Organizações de apoio aos povos indígenas criticam a Ajufe (Associação dos Juízes Federais do Brasil) por não terem sido convidadas para debater o marco temporal em evento realizado com recursos públicos e apoio da CNA (Confederação Nacional da Agricultura e Pecuária).
Parte interessada, a CNA é contra a demarcação das terras indígenas.
O 36º Encontro Nacional da Justiça Federal aconteceu de 26 a 29 de outubro, no Hotel Iberostar, resort cinco estrelas na Praia do Forte (BA). A Ajufe incluiu uma "programação científica", mesa de debates sobre "Aspectos do Marco Temporal e seu julgamento pelo STF".

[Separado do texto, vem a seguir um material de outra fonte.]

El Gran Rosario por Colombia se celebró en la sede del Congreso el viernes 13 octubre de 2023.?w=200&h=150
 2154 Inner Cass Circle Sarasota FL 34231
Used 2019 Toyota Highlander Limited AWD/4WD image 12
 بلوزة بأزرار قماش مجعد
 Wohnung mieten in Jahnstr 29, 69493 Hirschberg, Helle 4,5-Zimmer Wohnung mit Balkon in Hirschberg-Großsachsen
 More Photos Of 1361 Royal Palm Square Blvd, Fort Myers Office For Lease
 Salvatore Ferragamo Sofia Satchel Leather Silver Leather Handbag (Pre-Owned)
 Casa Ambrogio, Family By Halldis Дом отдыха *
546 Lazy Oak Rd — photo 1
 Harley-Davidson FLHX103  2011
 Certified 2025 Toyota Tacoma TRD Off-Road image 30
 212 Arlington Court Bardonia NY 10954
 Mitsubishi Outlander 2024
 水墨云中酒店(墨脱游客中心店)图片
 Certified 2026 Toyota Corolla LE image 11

"Foi um erro grosseiro afastar os indígenas da discussão, incitando os juízes a enfrentar a decisão do Supremo Tribunal Federal", afirma o advogado Rafael Modesto, assessor jurídico do Cimi (Conselho Indigenista Missionário).
Modesto diz que o evento "defendeu claramente a tese do marco temporal, que tem como objetivo impedir a demarcação das terras indígenas".
Ele considera preocupante o apoio financeiro do governo federal e do governo da Bahia.
O encontro obteve apoio da Multiplan (empresa de shoppings), do Grupo FarmaBrasil (empresas da indústria farmacêutica), e das três confederações nacionais (Agricultura, Indústria e Transporte).
Contou com patrocínio do governo federal, Caixa Econômica Federal e governo estadual (Secretaria de Turismo da Bahia).
"As organizações indígenas ficaram muito incomodadas com o fato de uma associação de juízes que operam o direito indígena ter organizado, dentro de atividade interna, uma mesa de debate sobre tema extremamente importante sem a participação de indígenas", diz Modesto.
"O evento da Ajufe sobre o marco temporal só demonstra como temos um longo caminho para percorrer na transformação de um Poder Judiciário menos desigual", afirmou nas redes sociais Maurício Terena, coordenador jurídico da Apib (Articulação dos Povos Indígenas do Brasil).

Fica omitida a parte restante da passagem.